Hmm, well I guess that's something a programmer has to cope with. If
they really are that incompatible, the system should reflect it imho.

> > Ah OK. Yeah, I agree. Having a default encoding if none is specified
> > sounds reasonable. UTF-8 would be a good choice, right?
>
> UTF-8 as default with graceful degration to US-ASCII if there are
> byte sequences which are not possible in UTF-8? Seems more robust for me.

Yeah, that sounds good. Alot of code really only needs UTF-8 or ASCII
most of the time so this should be fine.

Christian Kruse

unread,

Jun 15, 2010, 9:45:09 AM6/15/10

to fancy...@googlegroups.com

Hi there,

Am 15.06.2010 um 15:26 schrieb Christopher Bertels:

> Excerpts from Christian Kruse's message of Di Jun 15 15:09:20 +0200 2010:
>> To get around this, one uses something like UTF16 or UTF32 internally.
>> Every single code point defined by the unicode standard can be coded in these encodings.
>> UTF16 has the disadvantage of having variable length characters (some need 16 bit,
>> some need 32 bit) and UTF32 has the disadvantage of consuming much memory (32 bit for
>> every single character).
>
> 32bit for every character really is allot and can cut down on
> performance in the long run, especially when only 8-bit characters are
> needed and the programmer expects smaller memory footprints in his code.

Yes, true.
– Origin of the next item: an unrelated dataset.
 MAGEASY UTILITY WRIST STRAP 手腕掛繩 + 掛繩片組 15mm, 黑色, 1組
That's 4 byte per character (sic!).

>>> So I suppose Ruby's approach might be better?
>>
>> I like the Ruby way, too, it matches more the TIMTOWTDI paradigm.
>> But it has other disadvantages. E.G. what should happen, if a Big5
>> coded string should be concatenated with a, well, ISO-8859-8 coded string?
>> These codings are really incompatible. Ruby throws an exception in these cases.
>
> Hmm, well I guess that's something a programmer has to cope with. If
> they really are that incompatible, the system should reflect it imho.

Ok, so we throw an exception, too?

We could also do something like an automatic conversion to utf8 of the new string object when needed. E.G. we create a new string with coding UTF-8 which contains the concatenated Big5 and ISO-8859-8 strings. I would prefer this method since there is no need to bother about codings until it comes to I/O. I think it should be fully transparent for the programmer if he wants to, but he should have access to these infos if he needs it.
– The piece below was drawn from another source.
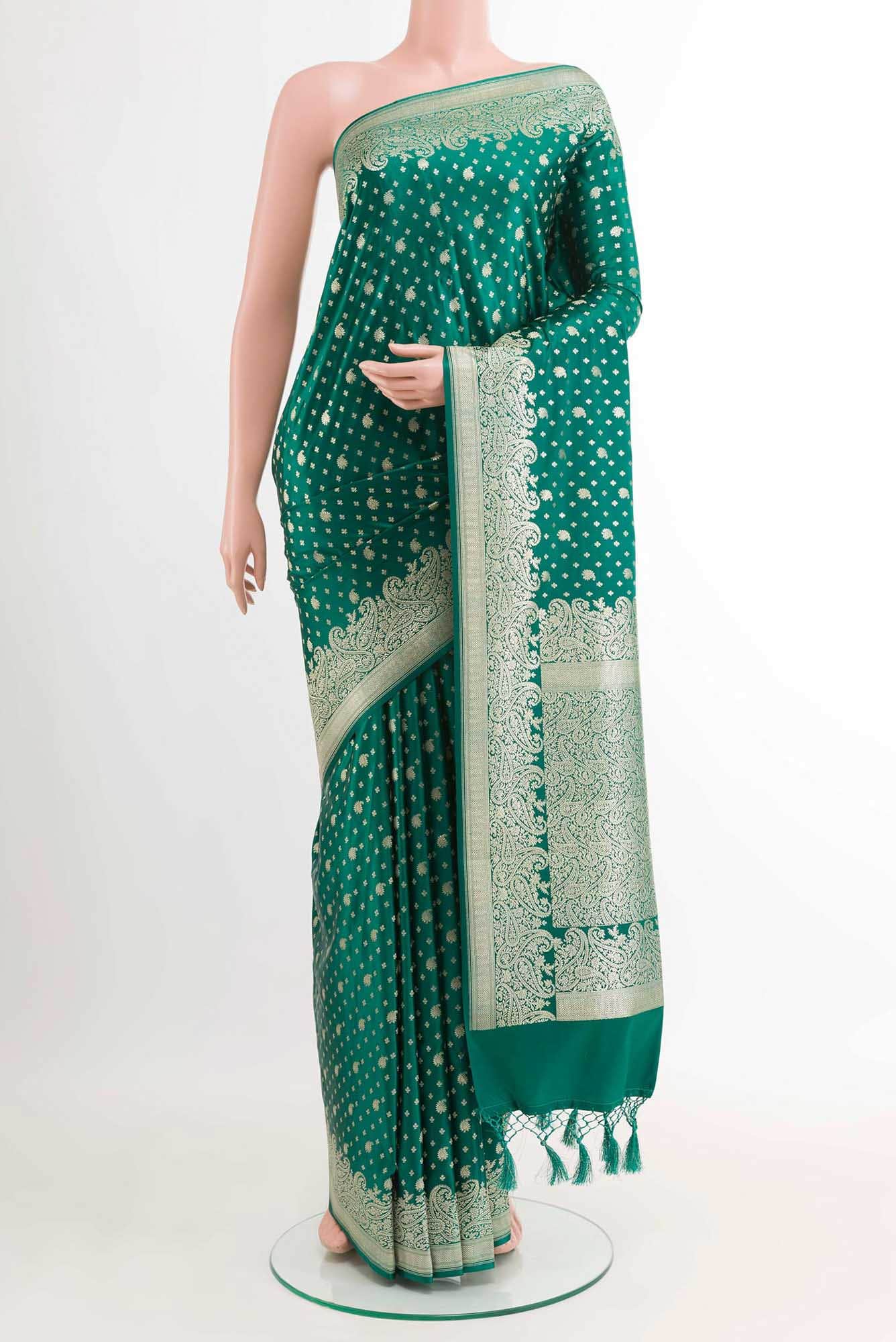 Green Blended Art Silk Saree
>>> Ah OK. Yeah, I agree. Having a default encoding if none is specified
>>> sounds reasonable. UTF-8 would be a good choice, right?
>>
>> UTF-8 as default with graceful degration to US-ASCII if there are
>> byte sequences which are not possible in UTF-8? Seems more robust for me.
>
> Yeah, that sounds good. Alot of code really only needs UTF-8 or ASCII
> most of the time so this should be fine.

Fine! :)

Greetings,
CK

Christopher Bertels

unread,

Jun 15, 2010, 10:00:35 AM6/15/10

to fancy-lang

Excerpts from Christian Kruse's message of Di Jun 15 15:45:09 +0200 2010:

> Ok, so we throw an exception, too?

I'd say yes.

> We could also do something like an automatic conversion to utf8 of
> the new string object when needed. E.G. we create a new string with
> coding UTF-8 which contains the concatenated Big5 and ISO-8859-8
> strings. I would prefer this method since there is no need to bother
> about codings until it comes to I/O. I think it should be fully
> transparent for the programmer if he wants to, but he should have
> access to these infos if he needs it.

Alright, you can handle all the details. I'm pretty much fine as long
as the current fancy code works in the same way as before ;)